More details about official thinking were forthcoming in yesterday's open
letter from BoE Governor King to Finance Minister Darling, the second so far
this year. The remit of the MPC calls for the Governor to write an explanatory
letter whenever headline CPI moves more than one percentage point above the
2.0% target, and to continue to do so at three-month intervals if necessary.
Yesterday's letter was triggered by the news that CPI shot up to a sixteen-year
high of 4.7% in August.
Chart 1

Governor King reiterated the MPC's view that the higher inflation triggered
by sharp global increases in energy and food prices must not lead to higher
inflation expectations becoming embedded. Thus "rising commodity, energy and
import prices...cannot, by themselves, generate sustained inflation in the
United Kingdom unless we allow other prices and costs, including pay, to rise
at a faster rate." There is evidence from surveys of a near-term increase in
inflation expectations, and the peak in CPI inflation is now expected to be
higher than was the case three months ago. Therefore, "the Committee has become
firmer in its belief that a period of muted economic growth is necessary to
dampen pressures on prices and wages and return inflation to the target in
the medium term." [emphasis added]
In addition to higher global commodity prices, King also pointed to the wider
effect of the recent depreciation of sterling, which pushed up overall import
price inflation to "around 12%" in Q2, its fastest pace in over twenty years.
Sterling has depreciated even faster since the Governor's last open letter
- hence the conclusion that the expected peak in CPI later this year "will
be significantly higher than anticipated in June." Inflation is now "likely
to remain markedly above the target until well into 2009, particularly if the
recent depreciation of sterling is sustained."
All of which suggests that the MPC is in no hurry to start slashing interest
rates.

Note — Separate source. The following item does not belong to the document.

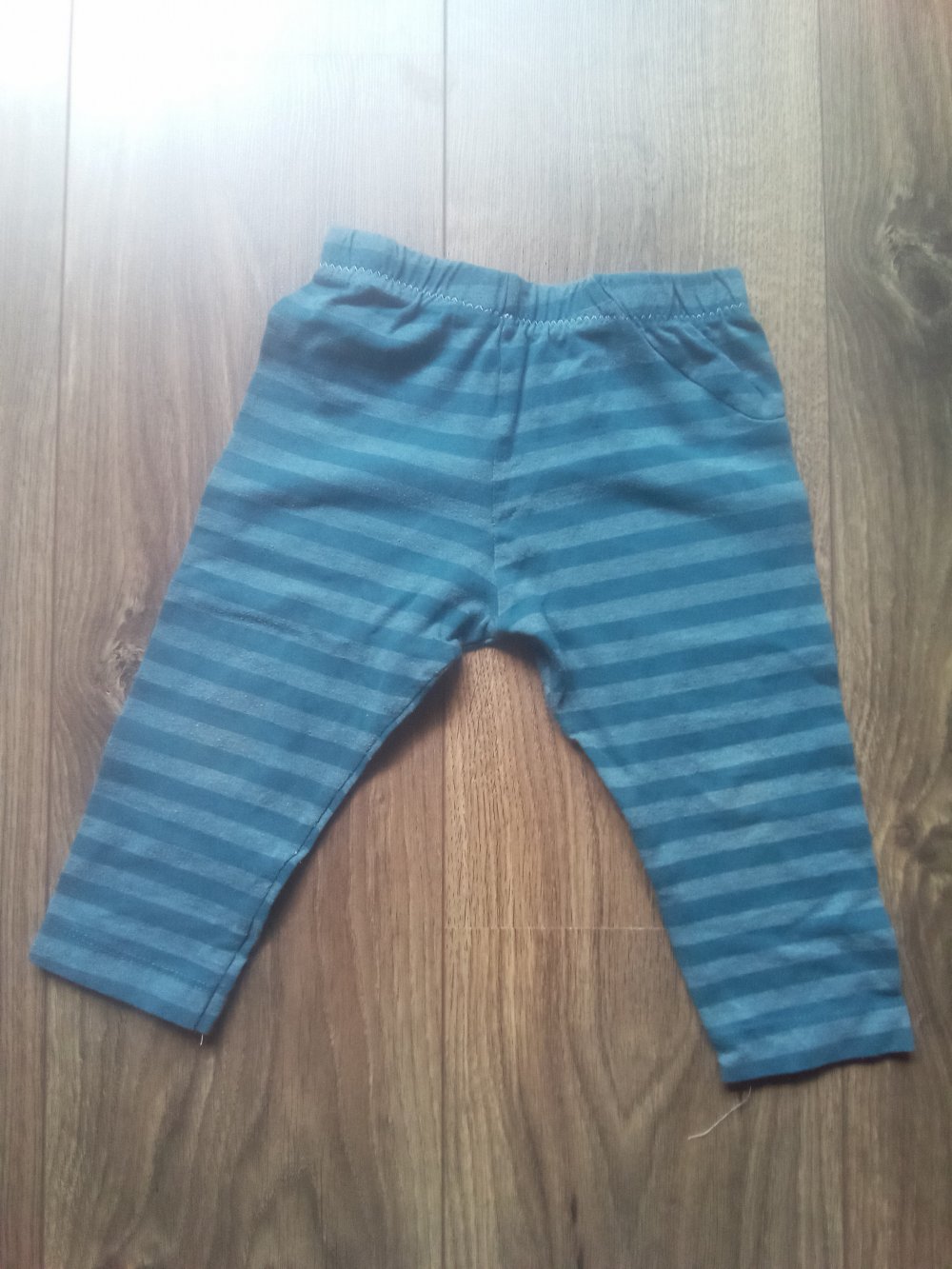 Leggings türkis gestreift handmade 86/92 unisex
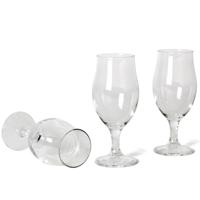 Bormioli Bierglazen Speciaalbier op voet - 520 ml - 20 cm - 3x stuks - Hoge luxe glazen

In the September policy meeting minutes, the members noted that a rate
cut risked sending a signal that the Committee was more focused on economic
growth than on inflation. However, Governor King also noted yesterday that "activity
in the economy has slowed sharply" and that the outlook is "noticeably weaker" than
in June, suggesting some dampening of pressures on prices and wages is likely.
The past two days' data releases certainly add to the picture of an economy
that is slowing sharply. The July-August labor reports saw significant rises
in both measures of unemployment (claimant count and ILO). The ILO-definition
unemployment rate rose to 5.5% in May-July, the highest since 1999. More disconcerting
was the increase in the claimant count measure of unemployed, with the count
in August jumping by 32,500 on the month - the sharpest rise since December
1992, and the seventh-consecutive month of ever-larger increases.
Chart 2

Earnings growth, on the other hand, remained relatively steady, with the three-month
moving average rising 3.7% on the year in July, below the headline rate of
inflation.
Chart 3

Finally, the Confederation of British Industry reported today that the monthly
industrial trends total order books balance fell from -13 in August to -26
this month, the lowest reading since January 2006. The output expectations
balance fell to a seven-year low of -16 (-13 in August). Most disconcerting,
given sterling's recent slide, the export orders balance dropped to -25 (-9
in August).
In sum, while the MPC is minded to keep rates on hold for now, the members,
and the Governor, have been at pains to emphasize that they will "examine the
latest developments, including those in financial markets, to assess how the
balance of risks is evolving at its next and subsequent meetings." With unemployment
rising sharply, export orders sliding, and the ongoing woes in the financial
sector (particularly worrisome for the UK given London's prominence in the
global financial system), our best guess is that the odds now favor a rate
cut in Q4 2008 - but those odds could change again by tomorrow.